When we need to know if something is genuine, we first must know what genuine actually is.  On July 31 I began journaling to God my Father rather than to Jesus.  This was a big step for me and it has led me down a path of tremendous challenge learning to know my Father as a loving Dad as well as the Creator of the Universe.  He Himself is the One who gave me His Son Jesus to pave my way to Eternity once and for all.  At the end of September this walk had me coming to a fundamental reality that I not only am a new creation, but I live each day as one.  All of this has been rather ethereal–lacking material substance for me.  I had to live here for a while in order for the substance of this reality to begin to set in.

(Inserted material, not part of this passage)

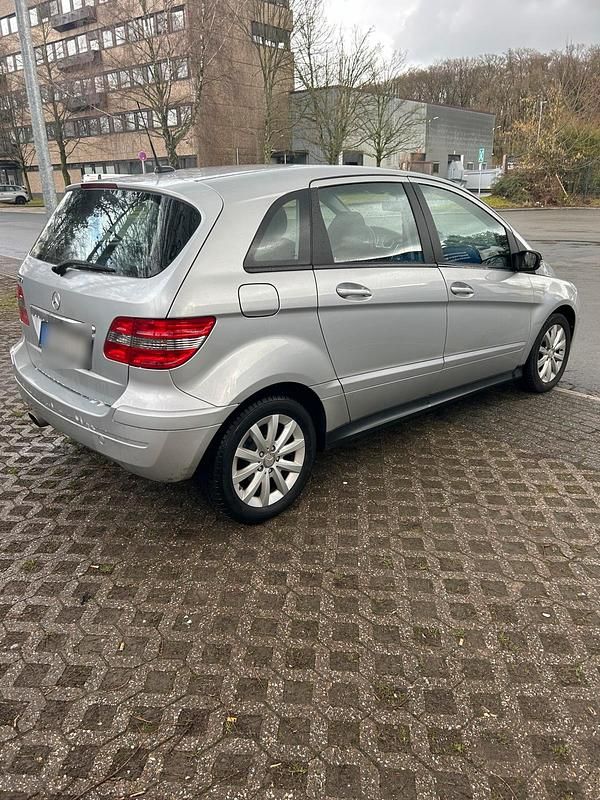 Gebraucht Mercedes B170 116 PS (85 kW) 2005 Silber Van / Kleinbus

It is now close to 3.5 months that I’ve been journaling daily to God and this process has not only become comfortable, but I love our time together each day.  Now let me get into the substance side of this.  A week ago yesterday Kathy and I got back from China about midnight.  The next morning I went to the school district to meet with the administrator I was temporarily replacing.  I hadn’t had but a few hours of sleep which was now building into the 40+ hours range.  As I got home from the district I desperately needing to sleep and I couldn’t.  My body was steeped in time change adjustment. I found myself being severely tempted to step into a pattern of sinful behavior that was a common practice when I felt lost, weary and confused in my old self.  I began to go there and finally got myself out of it but never did get any sleep.  I hadn’t been to Celebrate Recovery for 2 weeks nor to the Conquer group for the same amount of time.  It was my first day back home and all the tools I’d learned to take at these times were seemingly lost someplace.

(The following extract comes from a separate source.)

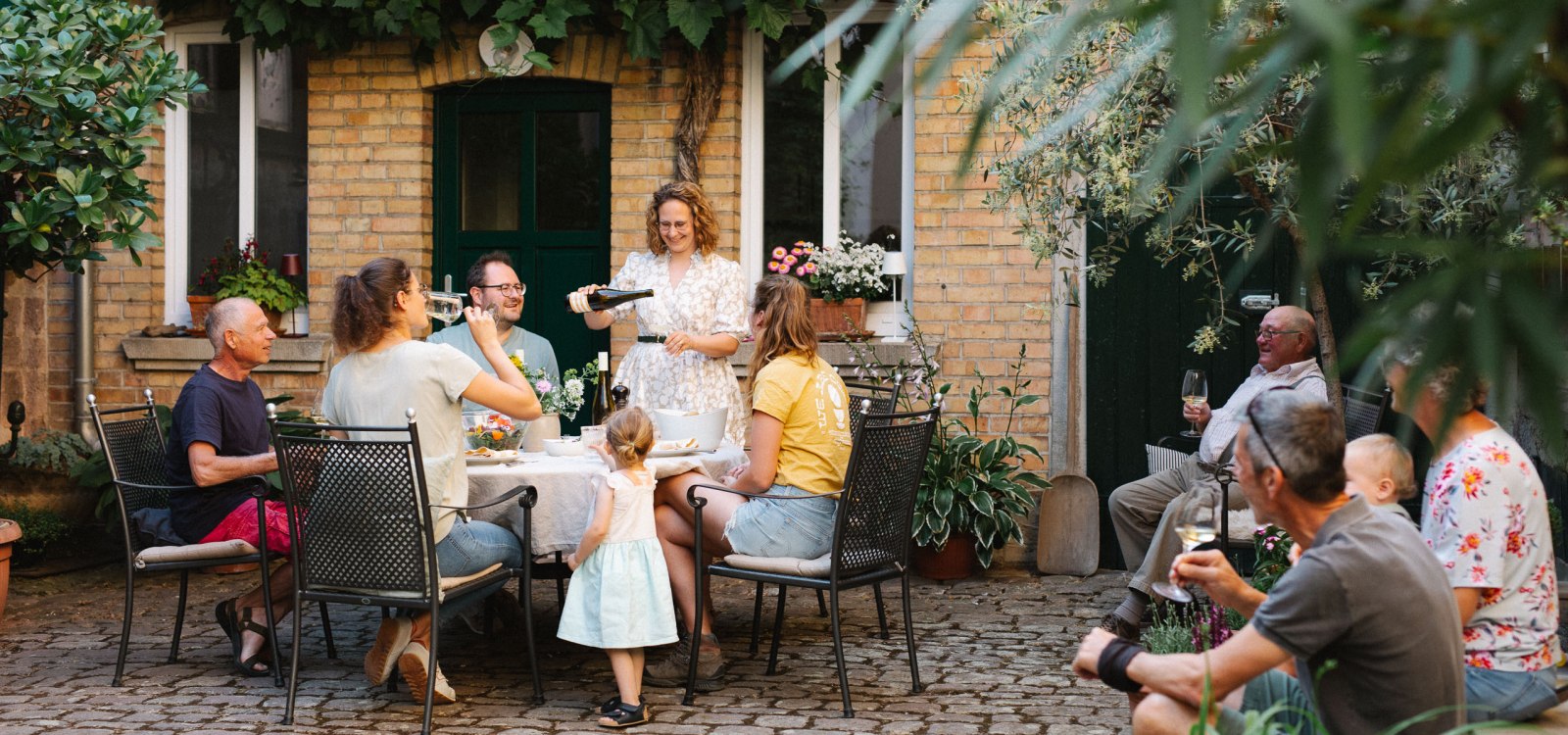 &copy; Weingut M&uuml;ller-Oswald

It is now a week later.  I have kept all of this within me wondering what I do with it.  Yesterday morning God told me I needed to talk to my accountability about it just like the tools I’d learned said to do.  He said the clarity would follow this step.  So, last night at Celebrate Recovery I talked to the two men I needed to see and completed this step.  Now it is the morning following obedience.  When I was asking God what He wanted me to know today, this is what I heard Him say, “You’ve just experienced My Team at work.  The Spirit of Truth has brought about the clarity.  You took the steps and now the door of clarity is open–you no longer see the sin–you see fertile land.  Unconfessed sin is a wall that entraps you.  Satan hammers you inside it.  Face the mountain and take the steps from the tools I provided and the walls come down.  You again see the fertile land–my people waiting for interaction with you.”

The remarkable thing about all this for me has been experiencing all of this as a new creation rather than as an old man still trying to hide the behaviors I’d learned from living a life of hiding a past I wanted to keep buried.  This time I now realize my desire to keep this a secret is simply my pride.  I am a new creation, but I still battle with being me.  This experience has been such a great learning one for me.  I’m certainly not happy that I failed for a moment, but to see myself as a child of God rather than that sinful, abused self is a real awakening.  I’m sorry I have to confess this to you, but I am not sorry for the lesson God is teaching me from it.  The walls of sin are gone and I see a world of fertile soil–men waiting to know this loving Father of ours.  So, if telling this helps even one of them to know God loves you, I will tell it from the mountain top.

In my 3.5 months of journaling to God my Father, I am developing a trust I’ve not had in Him.  This is the genuineness I was talking about at the start of today’s blog.  My experience has been the substance to show me what this is all about.  This Father of ours is a most Loving, Forgiving, Caring One.  He’s proved it over and over again.  How much I love Him!

The Journey Continues: Nov. 9, 2016

My word, our country did something yesterday I don’t believe any other country could or would do–elect a redefinition of who we are.  I’m so proud of America for seeing our need to do this.  I wait in wonder and fervent prayer that in this redefinition we place God, Our Heavenly Father, back on His rightful throne for our country.  The separation of church and state which our forefathers created for America never intended it to look like it has been presently defined.  God is giving us a new chance to make Him great again by our re-establishment Him in our leadership of man.  Pray with me that our newly established team will see this as a paramount first in their work.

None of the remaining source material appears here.